- **Assigned task**:
Beginning with the line that holds "Zdjęcie satelitarne Akacjowa ul." and finishing with the line that holds "Anthony Alford 2016", repeat the listing exactly, leaving every picture out.

- **Available data**:

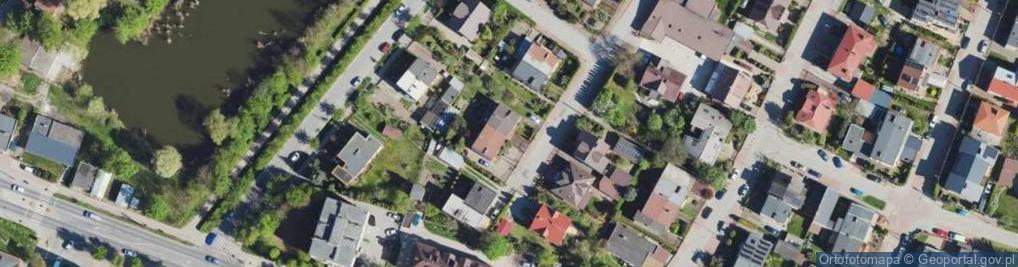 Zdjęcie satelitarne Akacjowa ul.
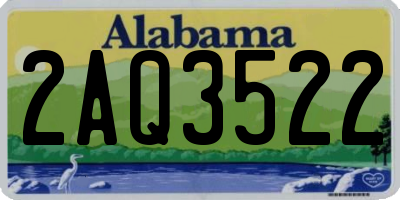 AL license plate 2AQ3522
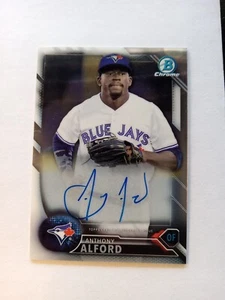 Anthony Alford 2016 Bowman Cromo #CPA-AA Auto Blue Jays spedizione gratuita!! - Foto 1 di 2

==

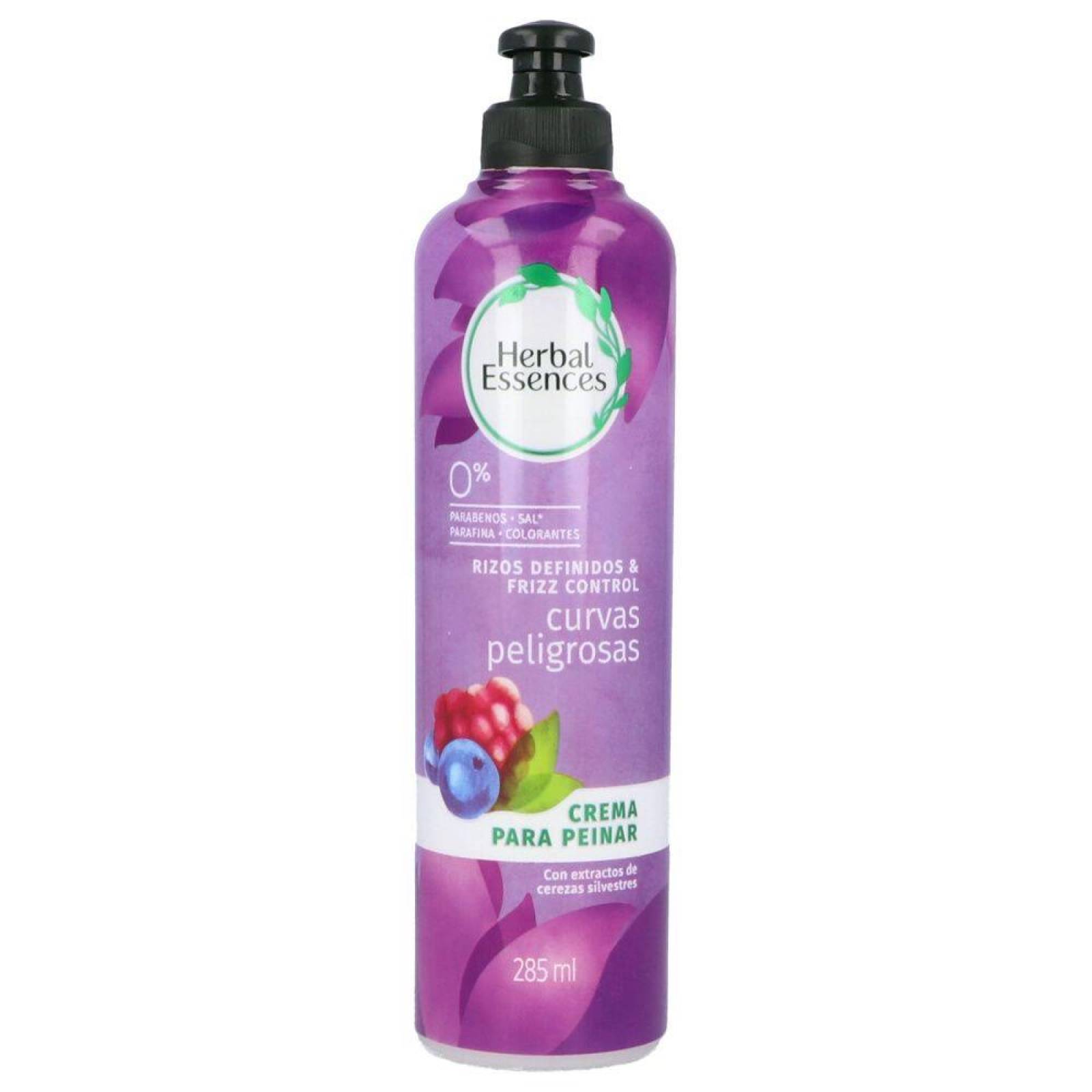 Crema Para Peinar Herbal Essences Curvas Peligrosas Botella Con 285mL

...

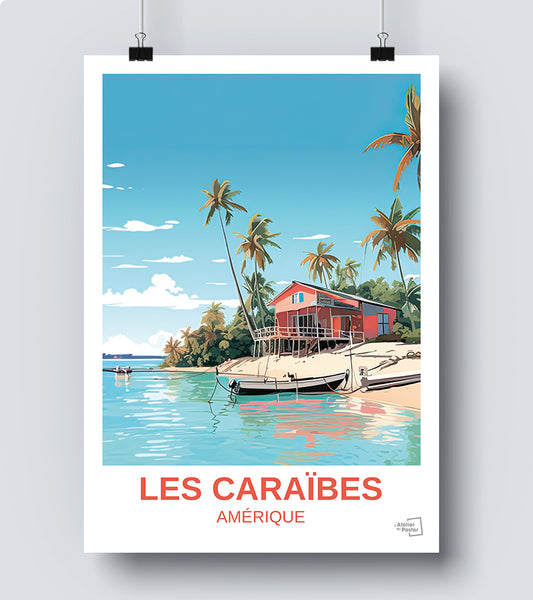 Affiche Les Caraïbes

- **Your solution**:
 Zdjęcie satelitarne Akacjowa ul.
 AL license plate 2AQ3522
 Anthony Alford 2016 Bowman Cromo #CPA-AA Auto Blue Jays spedizione gratuita!! - Foto 1 di 2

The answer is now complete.